++++ DATA RECORDS ++++

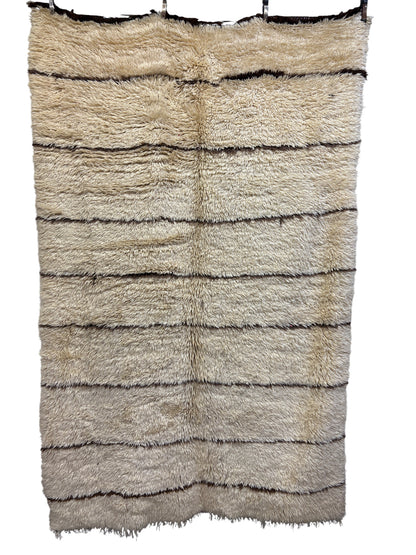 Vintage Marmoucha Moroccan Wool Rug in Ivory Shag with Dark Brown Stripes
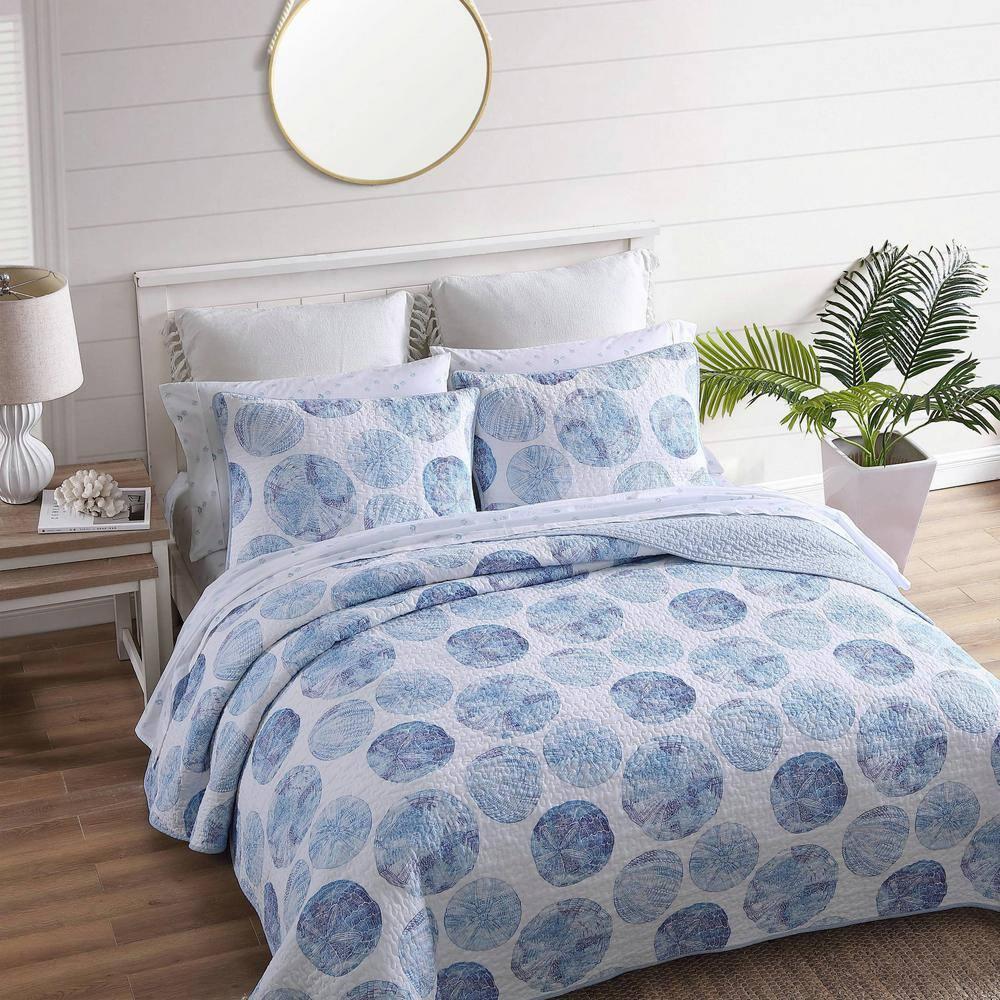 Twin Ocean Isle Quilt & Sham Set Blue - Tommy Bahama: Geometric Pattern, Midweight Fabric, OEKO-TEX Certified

++++
++++ DATA RECORDS ++++

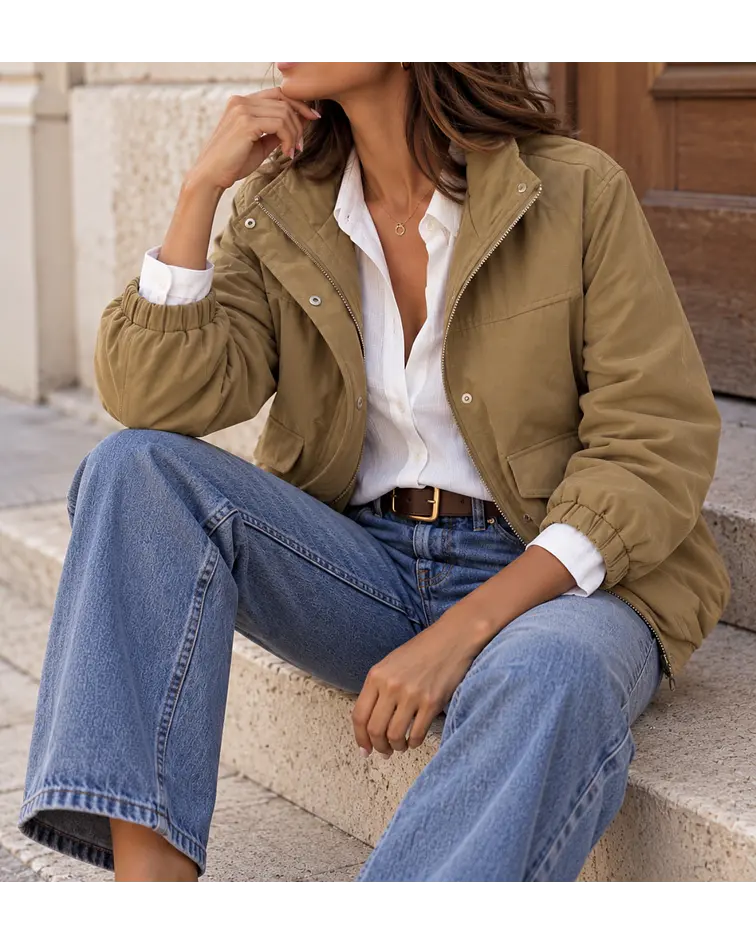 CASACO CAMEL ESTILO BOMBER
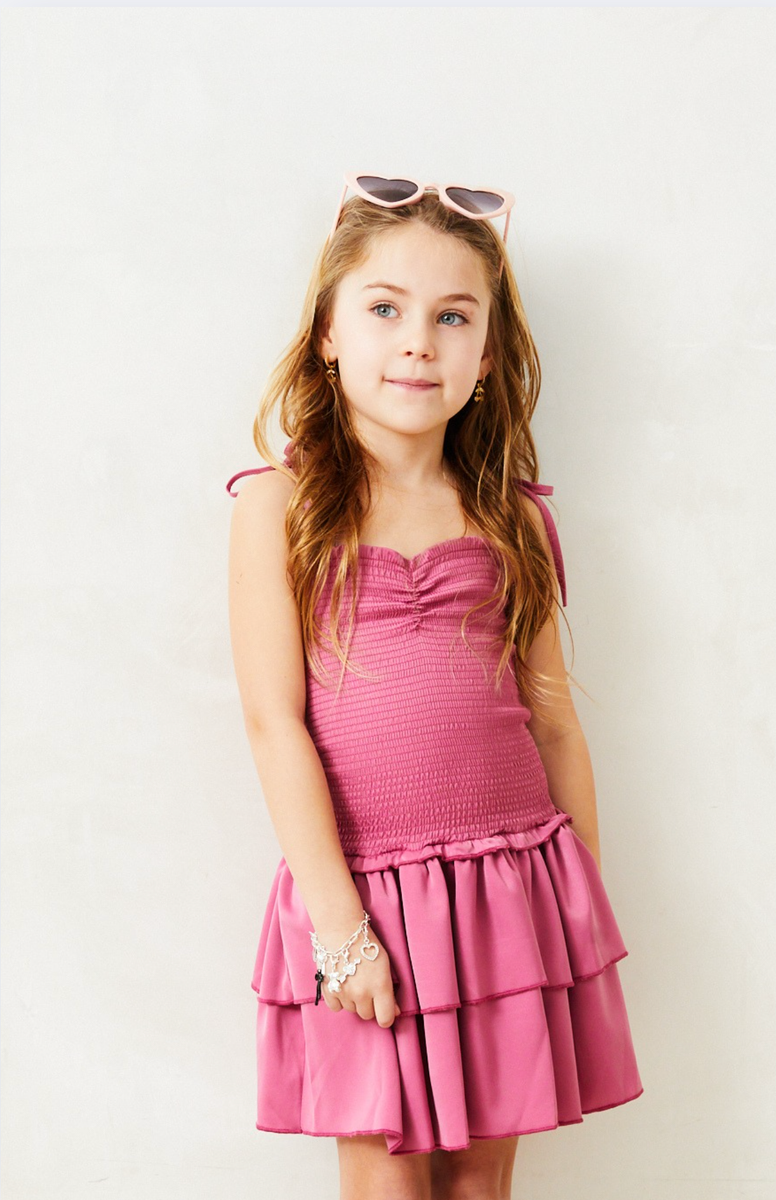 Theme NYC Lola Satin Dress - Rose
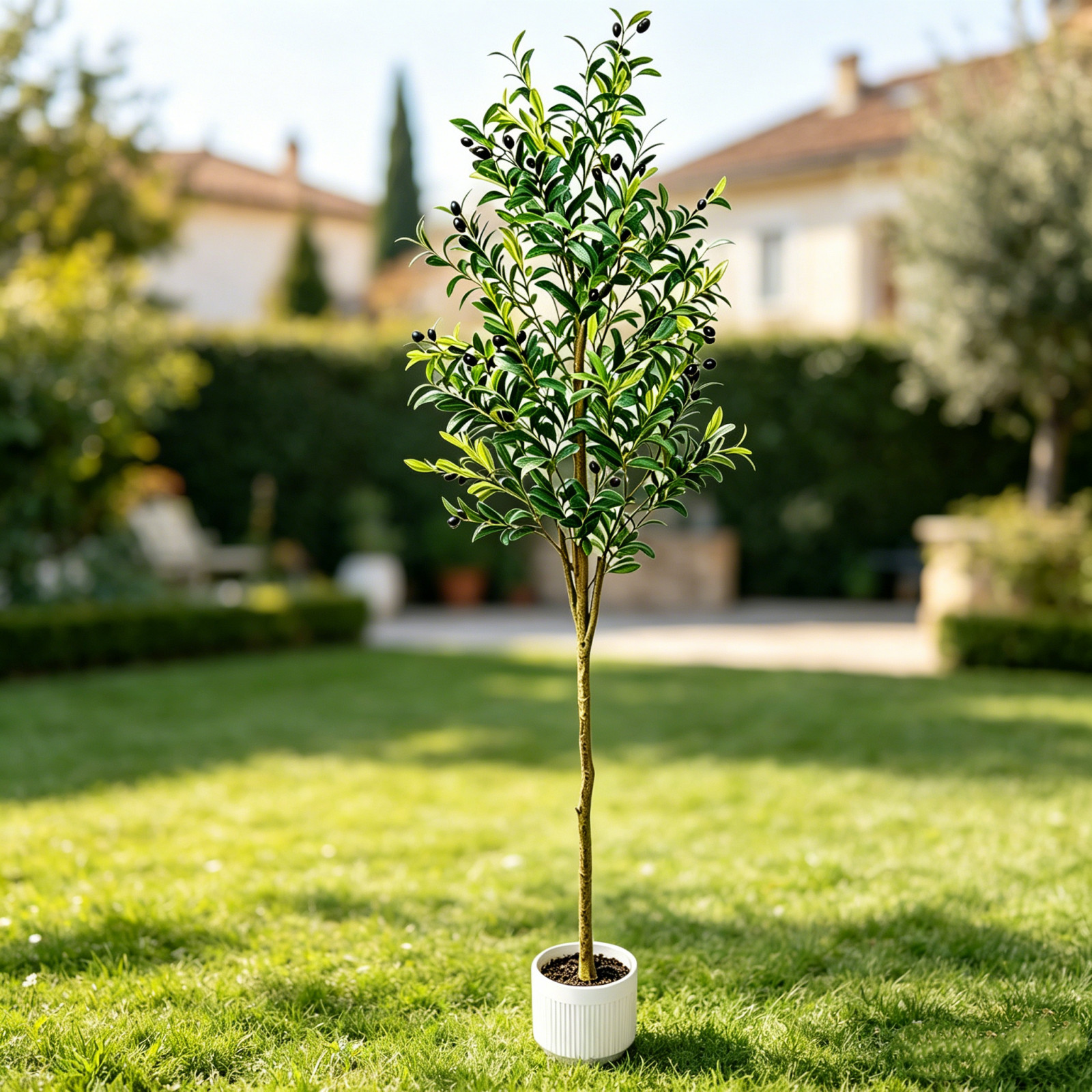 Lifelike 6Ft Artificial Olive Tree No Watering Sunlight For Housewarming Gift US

++++

(TASK):
Find the line with "Vintage Marmoucha Moroccan" in the entries above. Set down exactly every line from it up to and including the line with "Twin Ocean Isle", images excluded.

(RESULT BELOW):
 Vintage Marmoucha Moroccan Wool Rug in Ivory Shag with Dark Brown Stripes
 Twin Ocean Isle Quilt & Sham Set Blue - Tommy Bahama: Geometric Pattern, Midweight Fabric, OEKO-TEX Certified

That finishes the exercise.